That said, I like your outfit, but take that with the grain of salt I supplied.

Peak and Pine

Du siehst gut aus. Herzlich willkommen. Wenn Sie sich in Jacken und Anzügen wohl fühlen, bleiben Sie dabei. Ich bin ein Lefty und denke nicht, dass du schlau aussiehst. Viel Glück.


Super Member
I don't think suits have anything to do with "Good Families", and I think is a big reason why those particular associations have caused suits to die out.

The best students I've known typically show up to class looking fairly dumpy in jeans and a hoodie.

I say this as someone who enjoys dressing nice and is a fairly terrible student.

I do like the outfit, but the message it will likely send is: He is trying to prove a point, does he think he is superior to us?

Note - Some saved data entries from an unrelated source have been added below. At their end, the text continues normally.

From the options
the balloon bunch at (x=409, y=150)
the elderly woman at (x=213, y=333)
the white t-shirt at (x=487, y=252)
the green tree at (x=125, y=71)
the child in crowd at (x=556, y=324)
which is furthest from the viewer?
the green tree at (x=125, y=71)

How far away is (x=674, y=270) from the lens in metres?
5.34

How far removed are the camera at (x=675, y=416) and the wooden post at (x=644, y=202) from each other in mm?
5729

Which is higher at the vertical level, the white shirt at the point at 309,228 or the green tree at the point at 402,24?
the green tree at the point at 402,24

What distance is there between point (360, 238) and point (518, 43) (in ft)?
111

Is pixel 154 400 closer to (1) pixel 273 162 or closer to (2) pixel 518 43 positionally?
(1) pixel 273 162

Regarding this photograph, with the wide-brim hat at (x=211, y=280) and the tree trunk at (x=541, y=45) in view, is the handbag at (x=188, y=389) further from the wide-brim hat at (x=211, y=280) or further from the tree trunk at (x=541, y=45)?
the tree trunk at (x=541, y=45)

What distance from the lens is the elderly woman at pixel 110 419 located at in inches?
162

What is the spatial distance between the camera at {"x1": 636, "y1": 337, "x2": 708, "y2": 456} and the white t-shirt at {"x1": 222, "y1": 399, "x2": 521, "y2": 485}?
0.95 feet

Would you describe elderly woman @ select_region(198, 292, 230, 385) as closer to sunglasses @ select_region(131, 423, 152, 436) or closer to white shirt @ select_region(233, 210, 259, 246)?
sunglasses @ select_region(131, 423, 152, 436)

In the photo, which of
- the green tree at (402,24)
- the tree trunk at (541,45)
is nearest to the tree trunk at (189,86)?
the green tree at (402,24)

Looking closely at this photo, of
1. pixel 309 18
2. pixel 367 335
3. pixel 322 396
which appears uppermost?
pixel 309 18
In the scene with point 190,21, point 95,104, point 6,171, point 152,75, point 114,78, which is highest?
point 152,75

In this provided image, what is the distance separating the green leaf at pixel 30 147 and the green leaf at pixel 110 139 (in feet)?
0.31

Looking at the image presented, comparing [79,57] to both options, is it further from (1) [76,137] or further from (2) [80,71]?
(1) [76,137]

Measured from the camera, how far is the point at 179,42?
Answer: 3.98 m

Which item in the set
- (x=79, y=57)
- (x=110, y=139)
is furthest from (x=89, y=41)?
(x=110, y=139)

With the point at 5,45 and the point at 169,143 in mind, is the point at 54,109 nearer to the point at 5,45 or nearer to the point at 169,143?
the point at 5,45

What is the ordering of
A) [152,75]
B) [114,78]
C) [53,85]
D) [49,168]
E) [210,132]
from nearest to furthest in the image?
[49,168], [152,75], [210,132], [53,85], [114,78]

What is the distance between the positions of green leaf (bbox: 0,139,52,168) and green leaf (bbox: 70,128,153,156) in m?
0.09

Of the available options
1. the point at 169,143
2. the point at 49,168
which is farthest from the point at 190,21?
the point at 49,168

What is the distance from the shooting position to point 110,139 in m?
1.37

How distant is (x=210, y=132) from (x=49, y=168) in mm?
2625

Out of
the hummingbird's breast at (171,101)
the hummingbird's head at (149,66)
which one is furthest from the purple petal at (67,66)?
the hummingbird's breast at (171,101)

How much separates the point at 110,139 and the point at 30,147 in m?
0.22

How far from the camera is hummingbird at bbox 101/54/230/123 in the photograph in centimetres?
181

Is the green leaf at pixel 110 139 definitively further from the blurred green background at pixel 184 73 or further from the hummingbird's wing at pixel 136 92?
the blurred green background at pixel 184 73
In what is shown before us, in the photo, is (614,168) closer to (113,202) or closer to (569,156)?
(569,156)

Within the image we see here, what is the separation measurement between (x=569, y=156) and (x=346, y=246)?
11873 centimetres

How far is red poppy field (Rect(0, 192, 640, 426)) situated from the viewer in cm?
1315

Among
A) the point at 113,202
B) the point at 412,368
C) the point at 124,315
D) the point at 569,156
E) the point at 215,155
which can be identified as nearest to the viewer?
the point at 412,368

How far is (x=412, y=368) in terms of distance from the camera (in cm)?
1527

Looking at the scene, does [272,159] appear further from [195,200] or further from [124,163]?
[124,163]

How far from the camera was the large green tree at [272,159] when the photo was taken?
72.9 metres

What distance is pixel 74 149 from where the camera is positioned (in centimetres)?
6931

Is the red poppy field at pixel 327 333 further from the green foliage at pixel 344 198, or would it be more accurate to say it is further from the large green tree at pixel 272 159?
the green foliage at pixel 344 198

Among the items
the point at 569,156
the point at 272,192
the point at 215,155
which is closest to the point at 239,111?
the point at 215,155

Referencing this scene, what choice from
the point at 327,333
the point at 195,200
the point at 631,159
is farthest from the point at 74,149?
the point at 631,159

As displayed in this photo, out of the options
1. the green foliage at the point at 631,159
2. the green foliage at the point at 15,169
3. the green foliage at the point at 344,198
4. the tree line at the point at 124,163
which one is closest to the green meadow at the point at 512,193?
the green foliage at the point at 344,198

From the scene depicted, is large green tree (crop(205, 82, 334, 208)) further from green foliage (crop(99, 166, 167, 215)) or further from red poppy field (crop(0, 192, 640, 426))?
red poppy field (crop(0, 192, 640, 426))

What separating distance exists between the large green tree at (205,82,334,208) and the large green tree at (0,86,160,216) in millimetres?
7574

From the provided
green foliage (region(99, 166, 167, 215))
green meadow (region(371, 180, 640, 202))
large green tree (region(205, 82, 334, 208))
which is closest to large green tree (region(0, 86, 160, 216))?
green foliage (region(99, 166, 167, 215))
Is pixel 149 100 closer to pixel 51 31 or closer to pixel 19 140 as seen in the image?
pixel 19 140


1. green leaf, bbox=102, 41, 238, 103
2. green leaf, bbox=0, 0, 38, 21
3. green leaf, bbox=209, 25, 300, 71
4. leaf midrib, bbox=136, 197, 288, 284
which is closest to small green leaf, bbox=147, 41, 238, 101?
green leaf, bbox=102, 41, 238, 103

" In order to demonstrate my manners and ambitions and my willingness to socialize exclusively with people from good families "

Based on that, I would think yeah.

Making connections is important in university, doubly so as en entrepreneur. So is being self-aware regarding how you come across to others.

That outfit would probable alienate people.

With that said, I think that would be fine if you had a class presentation, just not to daily lectures.

Charles Dana

Honors Member
You stated: “[I have a] willingness to socialize exclusively with people from good families.”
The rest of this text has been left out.